As part of a long wait in Sheffield, I decided to go see the Park Hill estate near the station.

park_hill_hoarding

Park Hill is famous enough, although this was a spontaneous visit, I haven’t studied the area beforehand. The estate was built in the 1960s as part of slum clearance, it’s known for the ‘streets in the sky’ - open corridors away from ground level.

park_hill_original

It was originally inhabited by steelworkers, and after redevelopment some buildings have been converted into student flats. This is Béton House:

park_hill_new

It’s strange how the old concrete structure now looks so… generic. You can’t see it well in this photo but the inlaid balconies are painted yellow and blue, the bright colourful aesthetic of a cheap shopping centre. I’m sure that if you showed me this building on its own, I’d have difficulty picking it apart from any other student halls around the country.

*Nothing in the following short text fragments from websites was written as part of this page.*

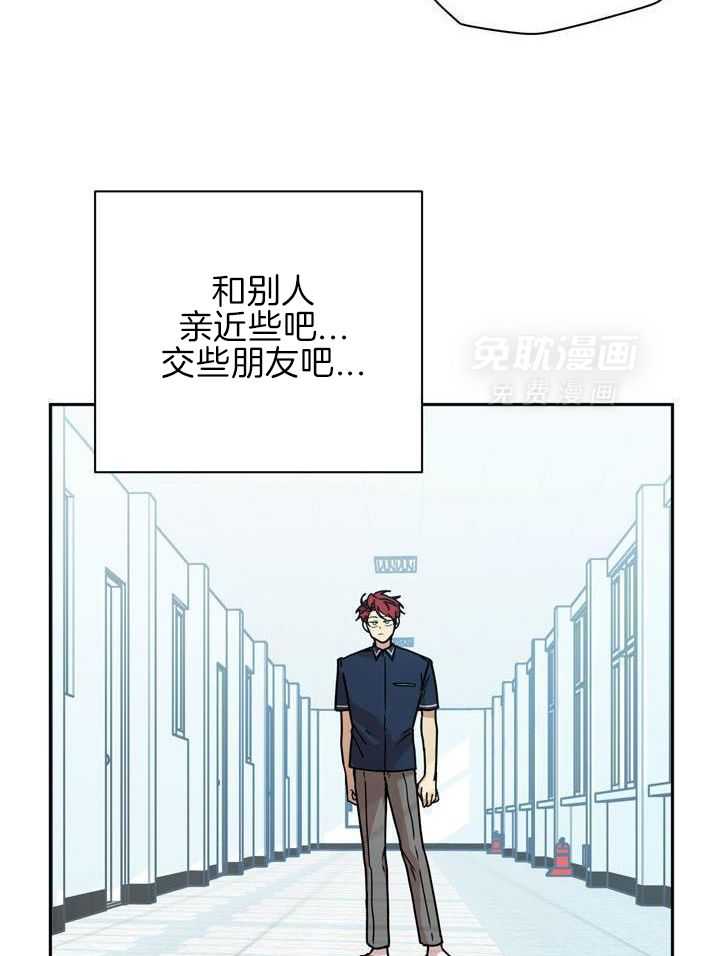 最佳拍档第115话图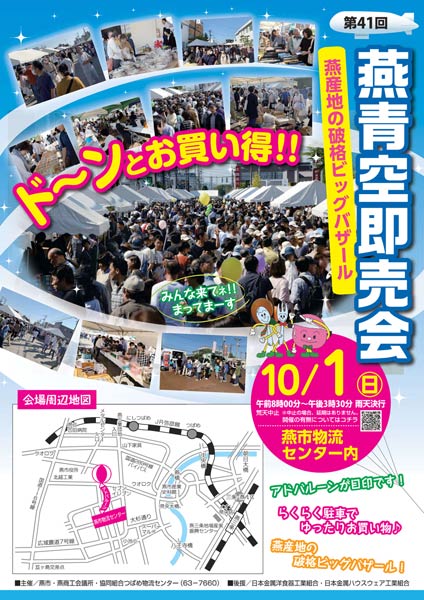 第41回燕青空即売会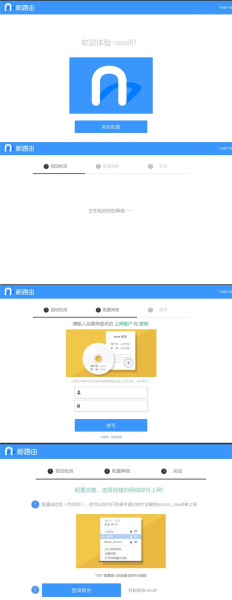 如何进化为路由器(Newifi新路由,会进化的路由器)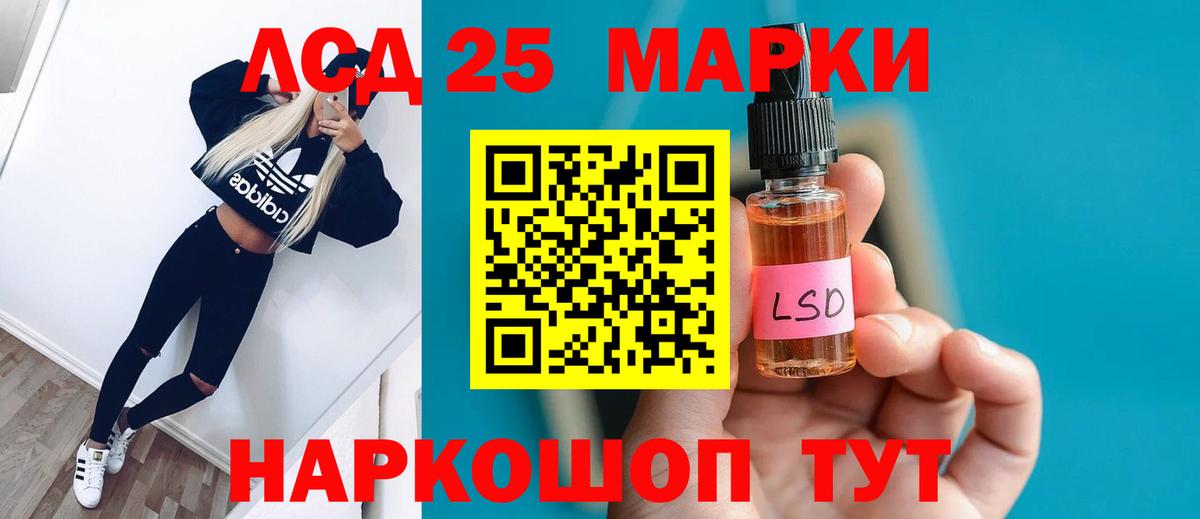 LSD-25 экстази кислота Курчалой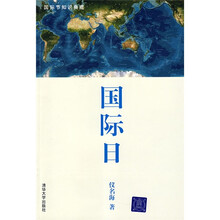 国际日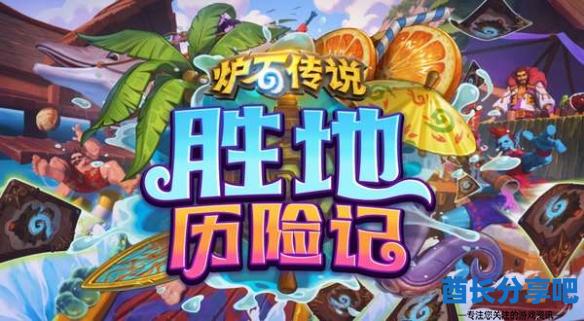 酋长游戏吧1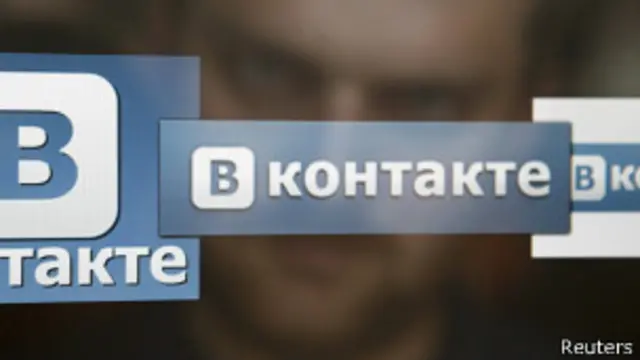 "ВКонтакте"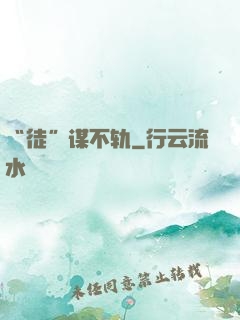 “徒”谋不轨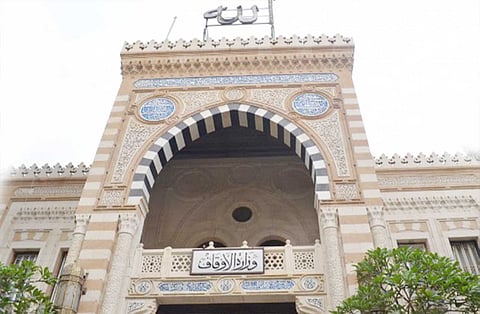 بالأرقام.. أغنى وزارة مصرية تعلن حجم ثروتها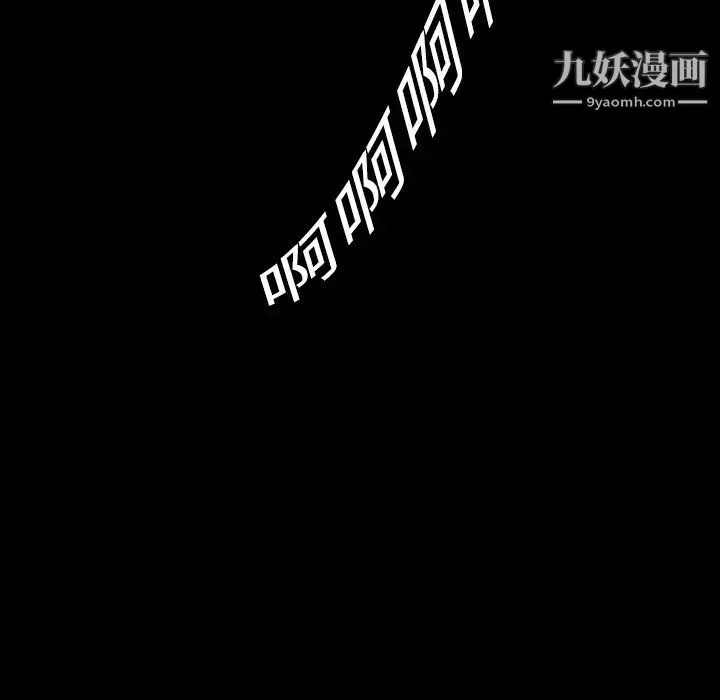 超乎想像 第1话 第29页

Writing in the Guardian ten years ago, Owen Hatherley called it

an embarrassing reminder of a time when it was thought that the best way to repair a listed building that served a much-needed social purpose was the expulsion of its unpicturesque inhabitants.

It still looks like an unfinished project. Béton House is new-ish, other areas are preserved in their original state, and the rest is under construction, the half-demolished skeleton of the building covered up with scaffolding.

park_hill_scaffolding

Old photos of this place show there were shops on ground level, and a pub. Those have now been replaced by office spaces. There’s a cycle shed, a lonely basketball hoop (with no court), what I guess is a smoking area. The ground level was all empty save for a well-dressed guy who asked me what I was doing there and directed me back to the station.

  1. I am fond of this shop and its warm cakes, I missed out on visiting it the last time I was in Hayfield. 

  2. If you’ve followed my blog the past few years you’ll notice I tend to go up Kinder fairly regularly. I should be back here again in another two months!